Nos últimos tempos, um fenômeno apenas parece nos convidar a olhar de novo para a Palestina e ficar de novo perplexo
Por Salem Nasser*
Um slogan me fez lembrar o que não se deveria esquecer, que
a Palestina é a terra do Natal.
Uma sequência de imagens convidava, justamente, a imaginar
como seria o Natal na terra do Natal para seus habitantes históricos, e a
comparar com o que aconteceria em outros lugares quaisquer.
Lado a lado eram contrapostas as cenas de celebração e de
brilho e aquelas outras de destruição e de olhos de crianças desprovidos de
brilho.
Duas personagens de um romance para ler nas férias lembram,
talvez não sem algum ceticismo, que evocar o Natal atrai quase que
necessariamente a frase paz na terra aos homens de boa vontade.
Não sei se por falta desses homens ou dessa boa vontade, mas
não é paz que o Natal promete à Palestina.
Foto: Reprodução/UNRWA (2015)
|
A tragédia palestina tem já traços conhecidos, familiares.

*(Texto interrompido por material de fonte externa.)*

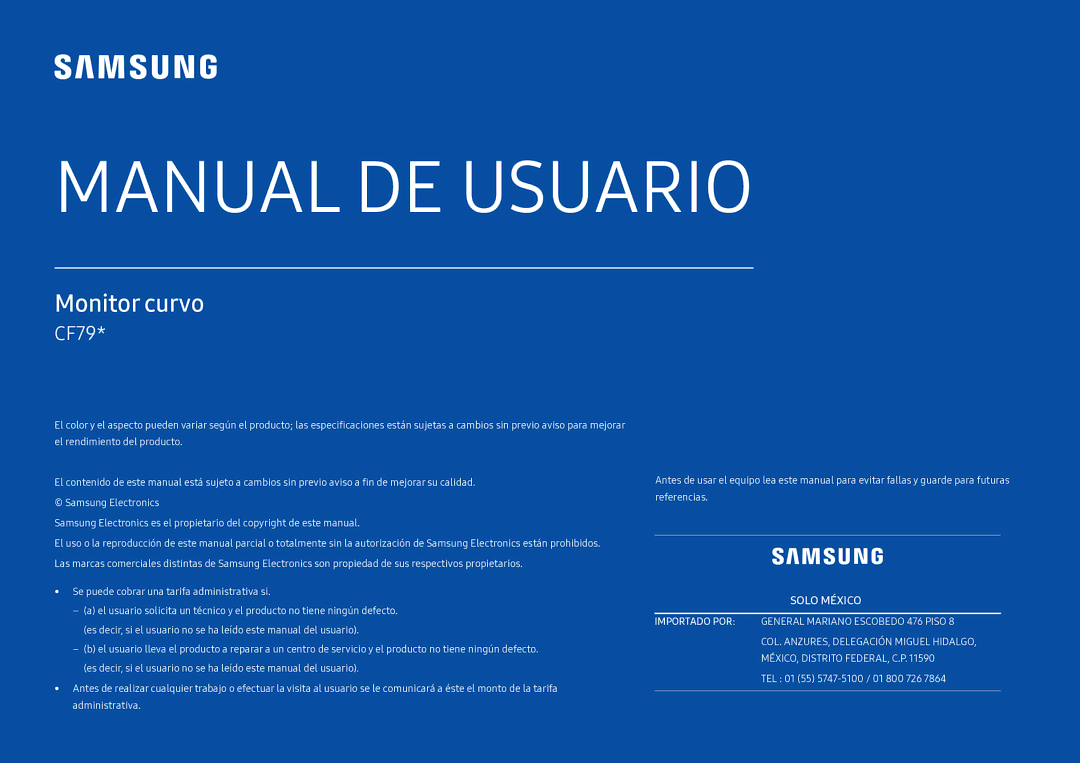 Samsung LC34F791WQUXEN manual Manual DE Usuario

É
um rosto tão machucado, cujas feridas nos foram expostas tantas vezes, que já
não queremos olhar para ele. Ou pior, já não o notamos quando cruza agonizando
o nosso caminho.
Não há nada, ou quase nada, de novo. Trata-se apenas de uma
contabilidade incremental da desgraça: mais mortes, mais expulsões, mais casas
demolidas, mais colônias e assentamentos, mais discriminação…
Nos últimos tempos, um fenômeno apenas parece nos convidar a
olhar de novo para a Palestina e ficar de novo perplexo.

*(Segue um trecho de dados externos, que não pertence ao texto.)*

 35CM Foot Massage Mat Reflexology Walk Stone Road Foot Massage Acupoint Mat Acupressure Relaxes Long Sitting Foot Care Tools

Vários jovens palestinos, outros menos jovens, algumas
mulheres, no mais das vezes agindo sozinhos, com base numa decisão que é ela
também tomada solitariamente, sem a inspiração ou a instigação de lideranças de
qualquer natureza, sem qualquer motivação religiosa, tomam de uma faca de
cozinha ou do volante de um carro e atacam soldados ou colonos israelenses.
O resultado, invariavelmente, é que soldados e colonos ficam
feridos e o palestino ou a palestina morre. Essa morte não é apenas previsível,
ela é praticamente certa e conhecida de antemão.

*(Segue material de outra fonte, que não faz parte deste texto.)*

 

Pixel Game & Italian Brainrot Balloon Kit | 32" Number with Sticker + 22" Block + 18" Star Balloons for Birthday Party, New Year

Quando essas notícias nos chegam, se prestamos alguma
atenção a elas, a nossa tendência é a de condenar os palestinos que se
comportam assim. Ou bem o fazemos porque, compreensivelmente, não sabemos
simpatizar com esta violência que, montada sobre a surpresa, nos parece
gratuita. Ou então o fazemos porque percebemos como essa violência que logo
será dita terrorista machuca a imagem do palestino e de sua causa.
A pergunta que não fazemos é, no entanto, a única que faria
algum sentido: quantas vezes e de que modos terríveis foi ferida a alma desta
pessoa que se vê impelida ao gesto de violência impotente que resultará na sua
morte? Como é que esta ocupação e esta máquina de humilhação cotidiana
assassina a humanidade do sujeito e todas as suas esperanças?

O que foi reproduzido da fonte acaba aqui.